Nos momentos anteriores à celebração do casamento, a última peça que Jim prega em Dwight. E um dos melhores momentos do episódio. Com os olhos úmidos, Jim confessa ao noivo que não pode ser seu padrinho. Mas que providenciou um substituto. Nesse momento, Dwight olha para a porta, onde Michael está parado. Emocionado, diz “Michael! I can't believe you came!”. Ao que ele responde “That's what she said”. Com mais uma de suas olhadas para a câmera, Jim fala “Best prank ever." Deixei sem tradução, porque perderia o sentido da piada completamente.

Foram poucas as aparições de Michael durante o episódio, e menos ainda suas falas. Mas foi o suficiente para matarmos um pouco da saudade que o personagem deixou. Em sua última fala, olhando para Jim, Pam, Dwight e Angela, diz de maneira ao mesmo tempo carinhosa, ingênua, emocionada e bem-humorada: “Me sinto como se todas as minhas crianças tivessem crescido e então se casaram umas com as outras. É o sonho de qualquer pai.”

E conforme o tempo de vídeo vai passando, sentimos que os nove anos de série estão chegando ao final. A última fala de Andy Bernard (Ed Helms) resume o sentimento nostálgico das últimas cenas. Queria que houvesse uma forma de saber que estamos vivendo nossos anos áureos, antes de eles terem terminado”.

O pós-festa de casamento, no armazém do escritório, reúne os funcionários pela última vez em seu ambiente de trabalho. Curiosamente, percebemos vários membros da equipe real de produção do seriado misturados ao elenco. Inclusive o produtor executivo, Greg Daniels, infiltrado na foto oficial final. A ficção toma rumos à sua fusão inevitável com a realidade, o momento no qual deixará de existir.

Discretamente, os funcionários começam a deixar o armazém e caminhar para a sede do escritório, onde farão sua reunião final em reservado. Cada qual em seu cantinho de origem, sua mesa, o lugar onde pertenceram pelos últimos nove anos. Novamente, torna-se ambíguo e difícil dizer onde terminam os personagens e começam os artistas que os interpretam. Ali, reunidos e embalados pela bonita canção de Creed Bratton (escrita por ele próprio), reconhecem a importância de todo o tempo que passaram juntos, e do quão maravilhoso, apesar de entediante e cansativo, foi trabalhar na Dunder Mifflin por todo esse tempo. Creed resume bem: Não importa como você chegou lá, ou onde foi terminar. Seres humanos têm esse dom milagroso de fazer de qualquer lugar o seu lar”. E ali, terminava o lar daqueles personagens/artistas. Agora, cada um toma seu rumo.

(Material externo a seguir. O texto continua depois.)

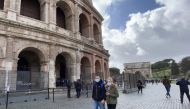 People wear face masks as a precaution not to being exposed to the coronavirus walking around Collesium in Rone, Italy on March 6, 2020. Bar?? Seçkin - Anadolu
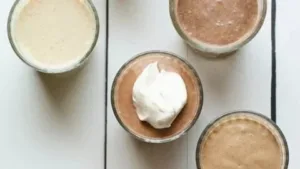 Homemade protein shake with fruits and protein powder in a blender.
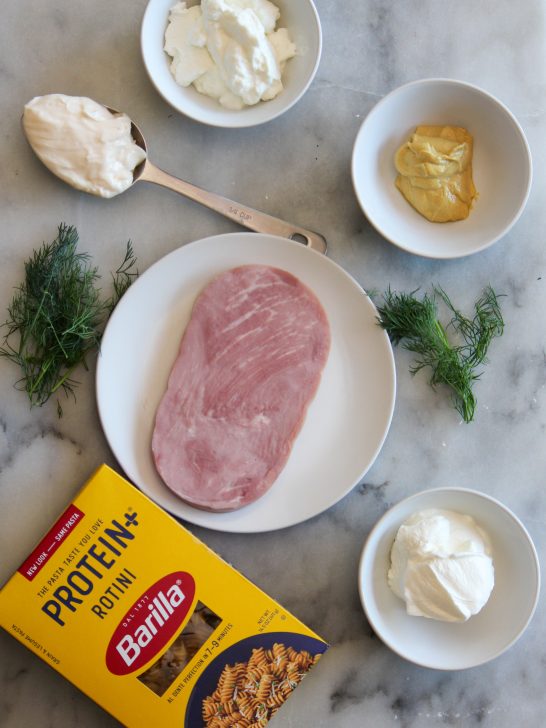 Image depicts box of protein rotini, sprigs of fresh dill, a slice of ham steak, some sour cream and yogurt in white dishes and Dijon mustard in a white dish on a gray counter top.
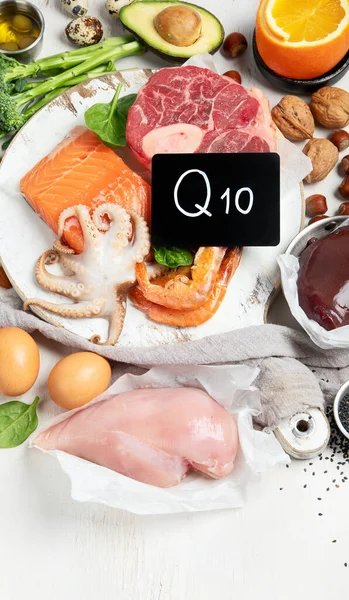 Composition with food contains coenzyme Q10, antioxidant, produce energy to cell, products against free radicals, and supports body as it ages, immune system, keeping body strong and healthy. Top view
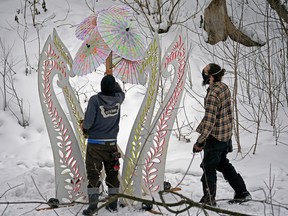 Gene Whipple, left, and Dylan Twomaker install technical lighting at Mill Creek Ravine on Monday, March 1, 2021, in preparation for a light installation for the Flying Canoe Volant, which will take place February 1-4 of this year.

No fim das contas, o grande barato de The Office (tanto a versão britânica original quanto a americana) foi conseguir transformar a rotina maçante e entediante de um escritório comum em algo engraçado e peculiar de se ver. No decorrer de nove anos, assistimos pessoas comuns se transformarem em personagens carismáticos, com suas características inconfundíveis. E as vimos transformar seu ambiente de trabalho em seus lares, colegas de trabalho em companheiros de vida. E se aproximaram de nós justamente por isso. É o que todos nós fazemos, todos os dias de nossas vidas. 
 
Na última cena, todos deixam o escritório. Pam é a última. Retira da parede o quadro com uma pintura que fez da faixada do prédio, há vários anos atrás. “Há muita beleza nas coisas comuns.” escutamos sua voz. “Não é esse o objetivo de tudo isso?”